Try it
Set down each line of the material that follows, exactly, with no pictures.

====== Data extract ======

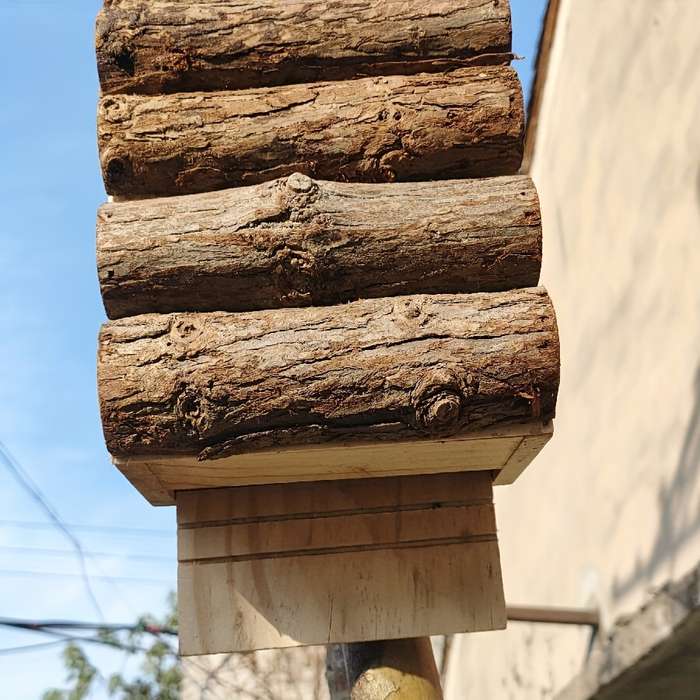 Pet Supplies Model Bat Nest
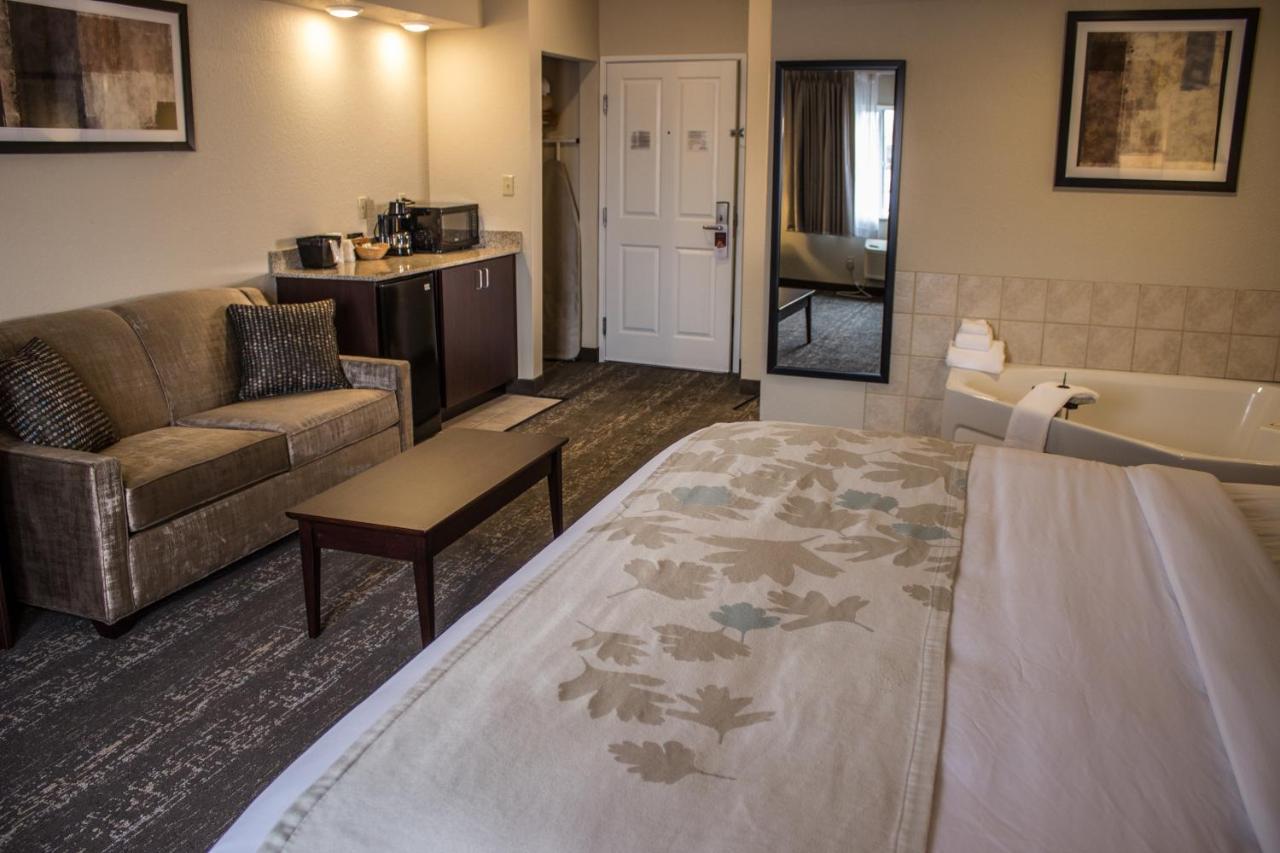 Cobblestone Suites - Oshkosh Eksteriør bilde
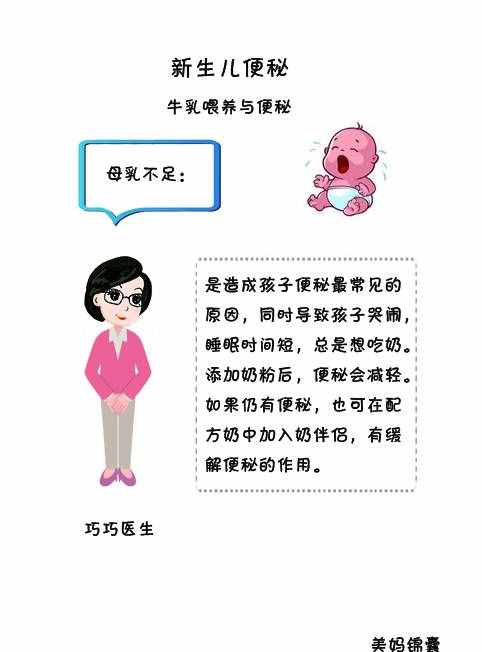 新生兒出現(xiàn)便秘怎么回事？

======

Response below
 Pet Supplies Model Bat Nest
 Cobblestone Suites - Oshkosh Eksteriør bilde
 新生兒出現(xiàn)便秘怎么回事？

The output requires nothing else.